::: RECORDED DATA

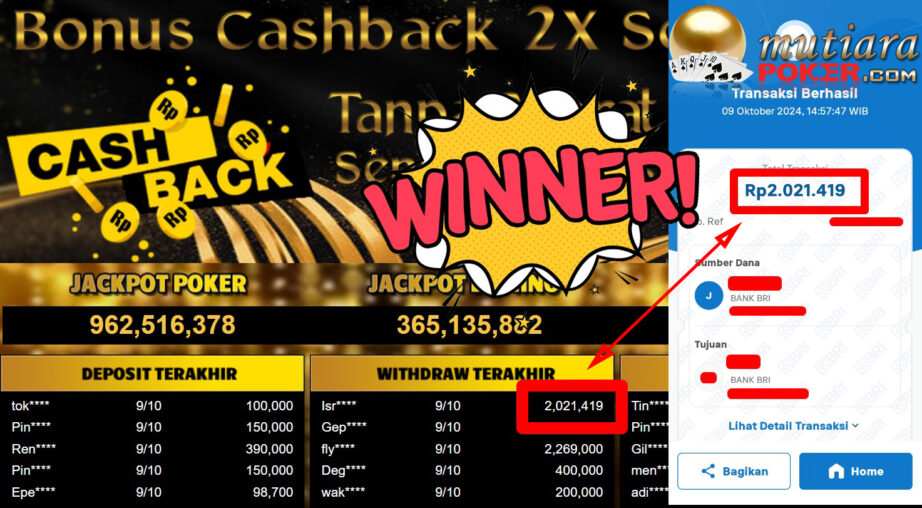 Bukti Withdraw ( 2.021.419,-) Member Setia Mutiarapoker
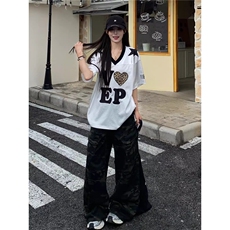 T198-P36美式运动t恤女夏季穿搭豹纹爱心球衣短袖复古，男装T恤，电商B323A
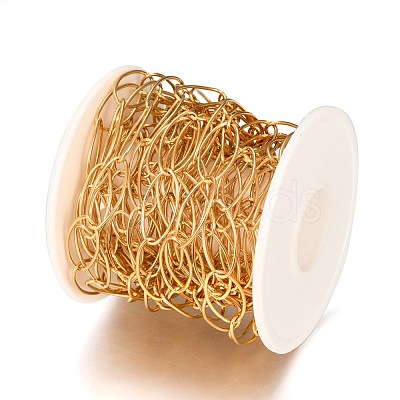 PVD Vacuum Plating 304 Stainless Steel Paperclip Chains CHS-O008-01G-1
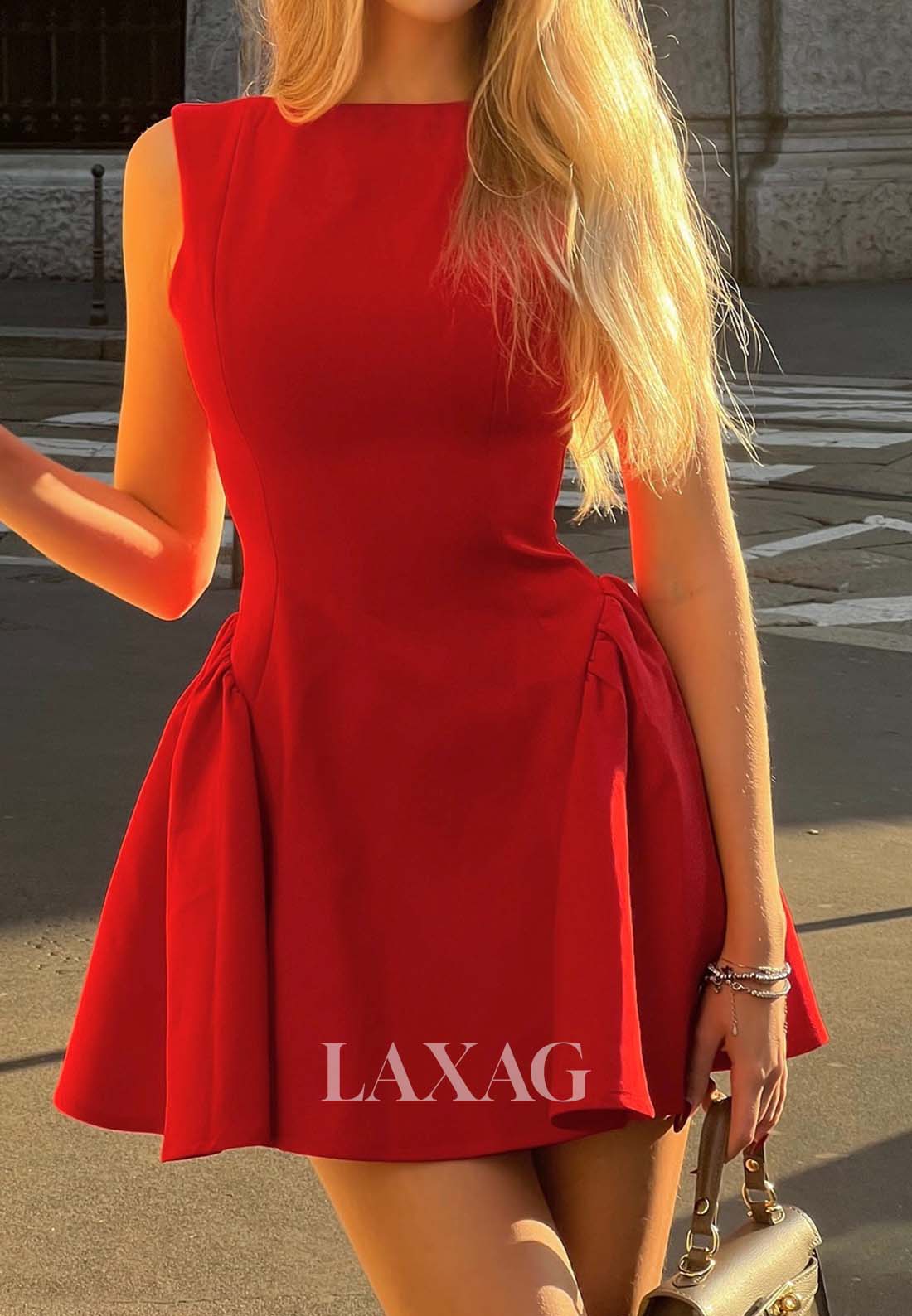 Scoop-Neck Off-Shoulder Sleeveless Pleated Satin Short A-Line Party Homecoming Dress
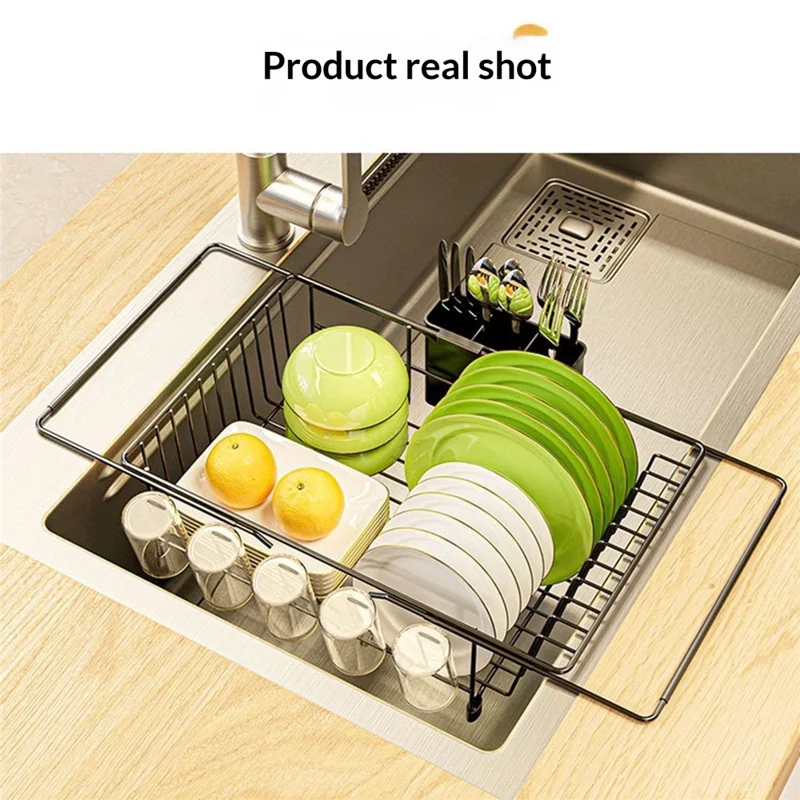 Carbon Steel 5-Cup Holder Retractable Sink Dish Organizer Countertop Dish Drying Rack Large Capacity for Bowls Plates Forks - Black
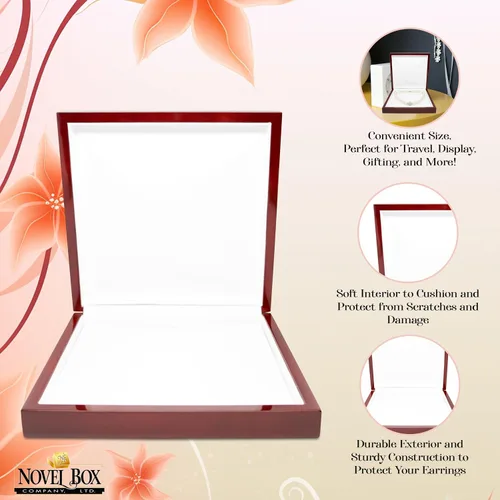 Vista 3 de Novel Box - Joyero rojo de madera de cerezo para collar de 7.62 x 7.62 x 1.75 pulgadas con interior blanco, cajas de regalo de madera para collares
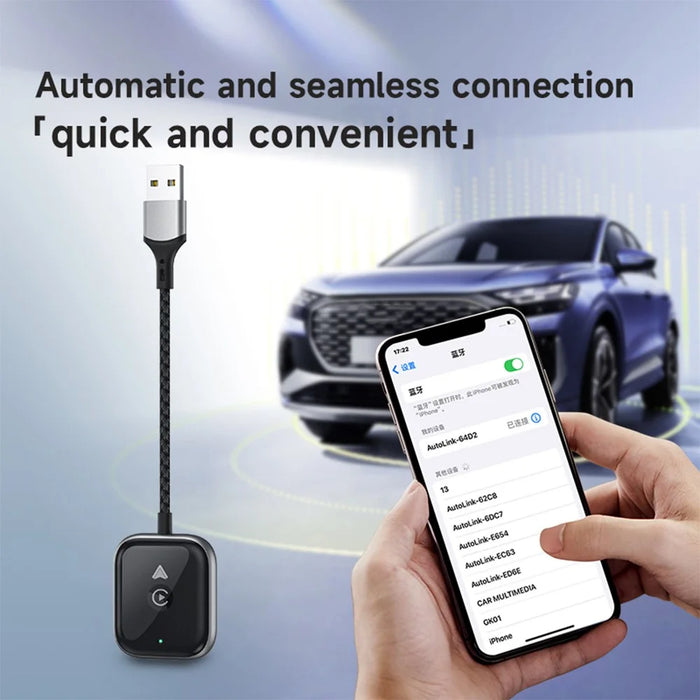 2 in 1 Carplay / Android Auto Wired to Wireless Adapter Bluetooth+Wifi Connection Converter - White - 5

::::::

→ AIM OF THE EXERCISE
In the records above, take every line from the opening one through the line with "PVD Vacuum Plating" and repeat it exactly; pictures are not part of the copy.

→ TASK OUTPUT
 Bukti Withdraw ( 2.021.419,-) Member Setia Mutiarapoker
 T198-P36美式运动t恤女夏季穿搭豹纹爱心球衣短袖复古，男装T恤，电商B323A
 PVD Vacuum Plating 304 Stainless Steel Paperclip Chains CHS-O008-01G-1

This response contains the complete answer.